Wow! Have not been on CC since yesterday and just read all the way through this thread. As usual, opinions vary.
I, too, was raised in California. My mom always had a bacon grease dish on the stove with a pair of salt and pepper shakers to match. Fried many a skillet of potatoes in that grease. She cooked with lard and maybe it was because we were poor. Guess I was oblivious to that fact.

Moved to Missouri when I was 16 and, by damn, that grease dish and shakers still sat on the stove.
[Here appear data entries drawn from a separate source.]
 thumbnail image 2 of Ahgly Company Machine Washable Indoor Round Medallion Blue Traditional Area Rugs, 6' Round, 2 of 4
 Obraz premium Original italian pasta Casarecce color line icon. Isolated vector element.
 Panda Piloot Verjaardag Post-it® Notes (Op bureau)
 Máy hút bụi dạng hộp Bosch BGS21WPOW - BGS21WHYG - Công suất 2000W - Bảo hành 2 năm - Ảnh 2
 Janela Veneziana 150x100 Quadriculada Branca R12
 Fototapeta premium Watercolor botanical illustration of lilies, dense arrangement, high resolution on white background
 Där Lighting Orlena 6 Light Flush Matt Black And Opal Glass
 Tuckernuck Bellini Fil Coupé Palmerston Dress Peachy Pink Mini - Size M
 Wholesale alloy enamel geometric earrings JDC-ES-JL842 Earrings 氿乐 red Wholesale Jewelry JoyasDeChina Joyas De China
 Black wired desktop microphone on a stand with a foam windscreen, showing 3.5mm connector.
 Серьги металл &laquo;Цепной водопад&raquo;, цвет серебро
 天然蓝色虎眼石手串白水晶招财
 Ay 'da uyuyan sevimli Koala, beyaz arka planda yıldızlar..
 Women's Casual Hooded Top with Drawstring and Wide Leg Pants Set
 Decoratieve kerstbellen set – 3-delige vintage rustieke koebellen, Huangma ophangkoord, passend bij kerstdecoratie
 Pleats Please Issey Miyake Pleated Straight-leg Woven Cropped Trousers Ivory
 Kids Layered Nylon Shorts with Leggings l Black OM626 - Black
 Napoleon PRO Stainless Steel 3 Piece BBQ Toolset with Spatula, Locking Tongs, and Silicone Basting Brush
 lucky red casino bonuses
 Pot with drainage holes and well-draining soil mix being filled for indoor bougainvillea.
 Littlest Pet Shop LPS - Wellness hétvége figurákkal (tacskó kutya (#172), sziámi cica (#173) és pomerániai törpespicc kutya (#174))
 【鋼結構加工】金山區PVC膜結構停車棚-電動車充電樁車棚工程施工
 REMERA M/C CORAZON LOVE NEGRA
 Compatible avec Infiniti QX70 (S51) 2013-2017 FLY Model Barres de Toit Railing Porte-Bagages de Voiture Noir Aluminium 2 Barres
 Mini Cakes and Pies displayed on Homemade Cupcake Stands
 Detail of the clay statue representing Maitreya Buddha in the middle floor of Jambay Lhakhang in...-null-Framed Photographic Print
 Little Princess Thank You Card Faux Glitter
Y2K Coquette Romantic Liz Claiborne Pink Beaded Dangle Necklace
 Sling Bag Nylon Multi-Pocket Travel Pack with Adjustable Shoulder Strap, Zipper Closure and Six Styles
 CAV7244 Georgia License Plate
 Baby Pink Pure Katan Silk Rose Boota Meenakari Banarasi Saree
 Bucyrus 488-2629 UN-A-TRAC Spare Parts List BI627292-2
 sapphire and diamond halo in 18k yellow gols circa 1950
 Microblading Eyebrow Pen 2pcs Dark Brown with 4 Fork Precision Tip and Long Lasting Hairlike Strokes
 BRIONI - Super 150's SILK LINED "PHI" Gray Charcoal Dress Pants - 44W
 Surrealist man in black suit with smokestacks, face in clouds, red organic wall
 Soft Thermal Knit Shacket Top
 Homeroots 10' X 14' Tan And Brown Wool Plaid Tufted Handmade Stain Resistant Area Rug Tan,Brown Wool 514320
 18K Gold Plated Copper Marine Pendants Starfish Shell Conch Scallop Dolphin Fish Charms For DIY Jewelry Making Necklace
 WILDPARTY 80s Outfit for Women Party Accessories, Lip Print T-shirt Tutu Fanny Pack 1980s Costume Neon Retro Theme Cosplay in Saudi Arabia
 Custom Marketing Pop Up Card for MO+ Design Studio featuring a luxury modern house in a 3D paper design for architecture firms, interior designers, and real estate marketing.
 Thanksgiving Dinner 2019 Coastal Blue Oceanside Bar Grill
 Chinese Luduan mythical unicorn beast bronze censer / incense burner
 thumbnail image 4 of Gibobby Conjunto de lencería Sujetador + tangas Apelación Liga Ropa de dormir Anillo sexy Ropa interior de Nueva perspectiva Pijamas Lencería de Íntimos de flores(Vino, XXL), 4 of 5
If I had a dollar for every pound of lard I had rendered in my life, I could take a nice vacation. I owned a restaurant for 13 years. We bought sows from the Pork Plantation and made whole hog sausage that we served every day along with the biscuits and gravy. From those hogs, I rendered the lard that made all our pie crusts. Didn't use it for anything else, though.
For those who remember lard leaving a funny taste, I don't think the commercial lard is like that nor is home rendered lard if it is handled correctly. It must me rendered over a slow fire and strained carefully. My mom sometimes left it sit out and it would get that rancid taste.
Indydebi, I always make my sausage gravy similar to how you do but have never used cornstarch (only flour) and don't heat my milk before adding it unless I'm in a hurry. Why do you use cornstarch? Another thing, Debi, any damn time you want to give me an autobiography, I'd be glad to hear it. Theresa's comments were totally out of line.
As for lard in icing. I would think it would not hold up to heat very well. As far as mixing it with butter and shortening, I don't know what the point would be. It isn't cheaper. Someone needs to let us know how it does.
Guess that was part of my autobiography.